■ BRIEF: Type out each entry exactly as it appears, but keep every image out.

(Captioned web image data)
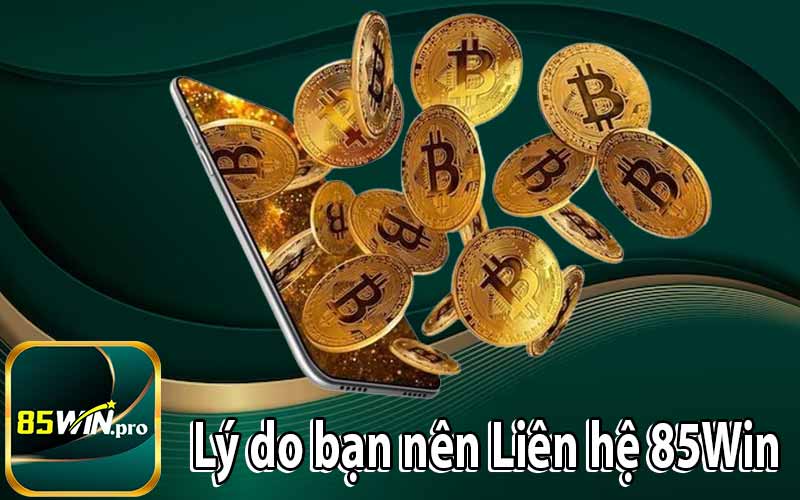 Lý do bạn nên Liên hệ 85Win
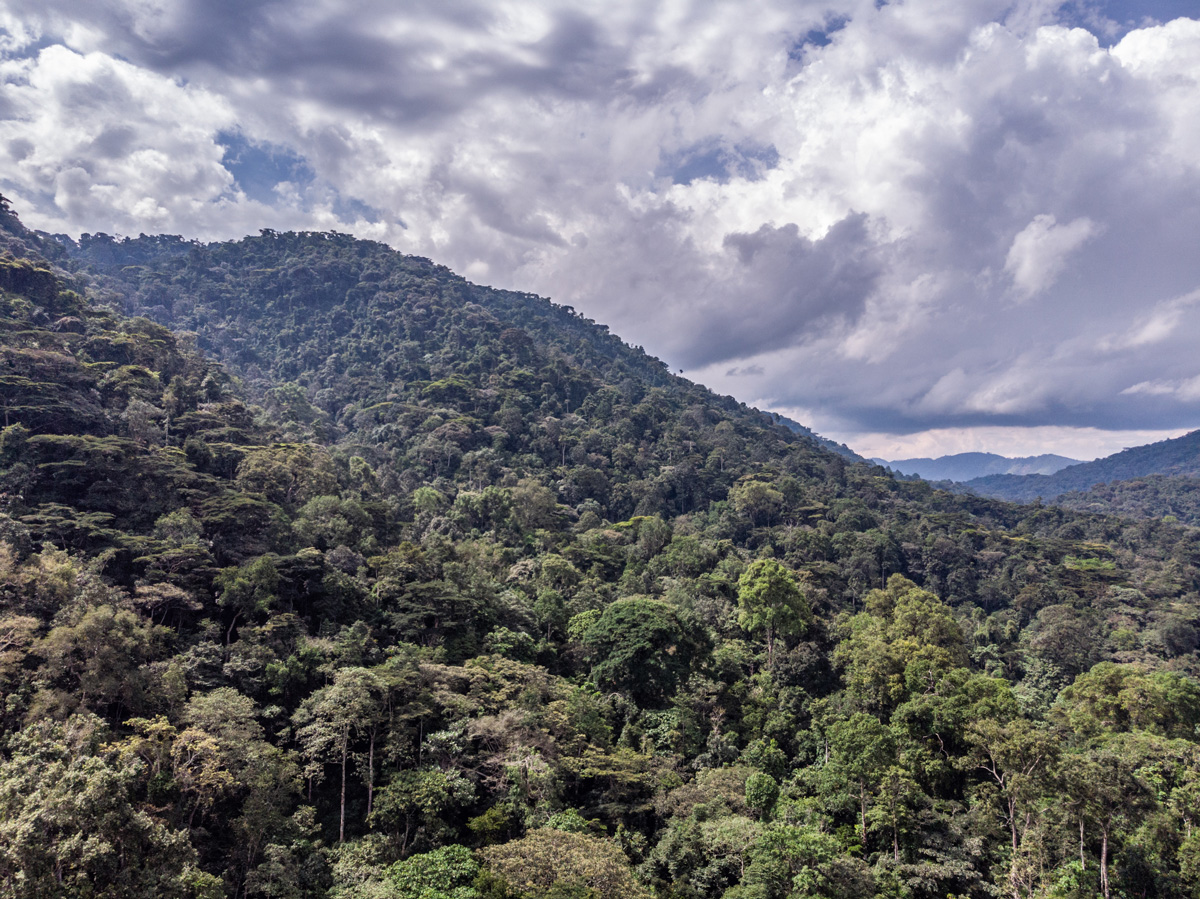 Uganda: Africa's New Frontier (NatGeo)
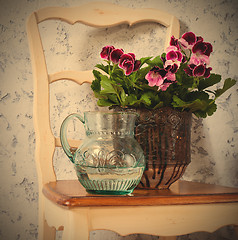 Image showing geranium and a jug with water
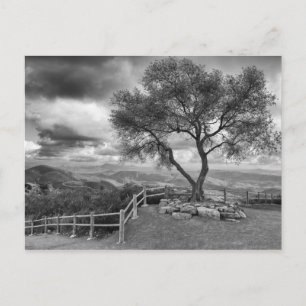 Carte Postale Arbre au sommet de la colline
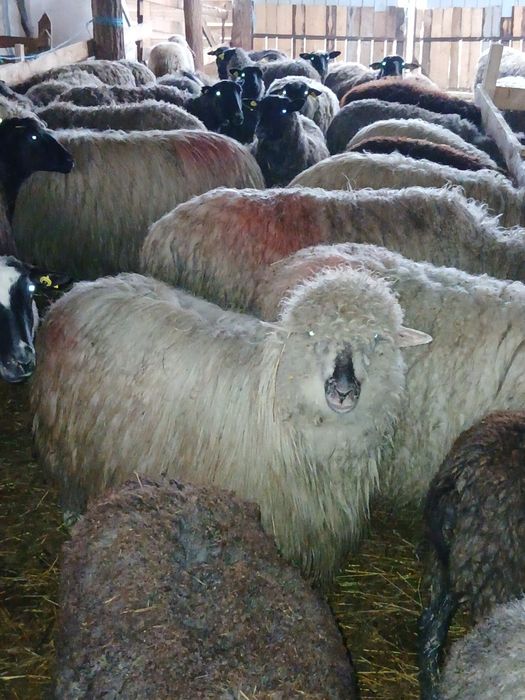 De vanzare 10 mioare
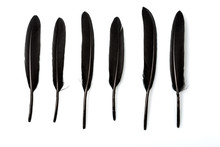 Six Black Feathers On White Background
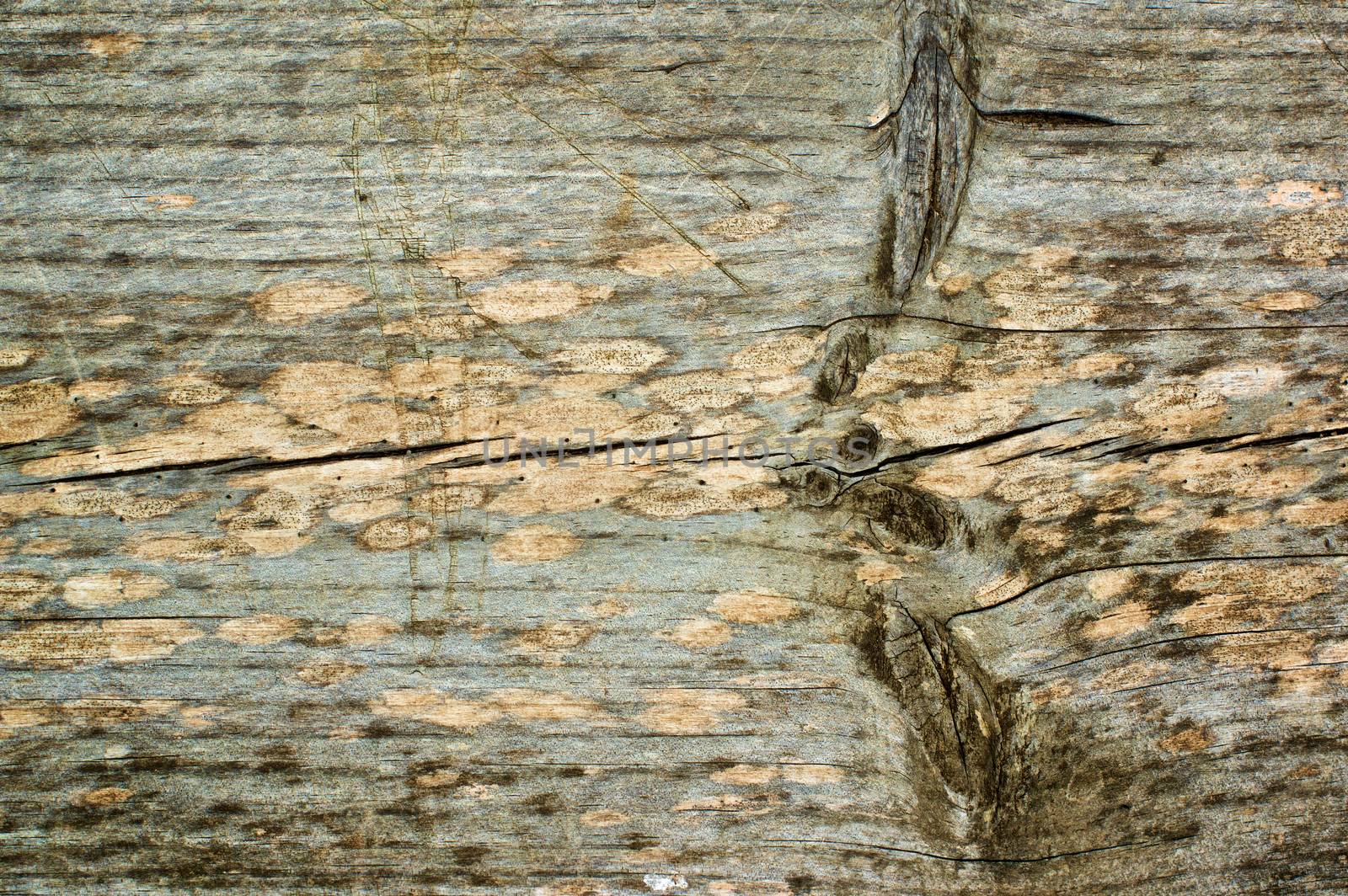 Background of Knotted Wood with Natural Weathered Cracked closeup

■ YOUR RESPONSE:
 Lý do bạn nên Liên hệ 85Win
 Uganda: Africa's New Frontier (NatGeo)
 Image showing geranium and a jug with water
 Carte Postale Arbre au sommet de la colline
 De vanzare 10 mioare
 Six Black Feathers On White Background
 Background of Knotted Wood with Natural Weathered Cracked closeup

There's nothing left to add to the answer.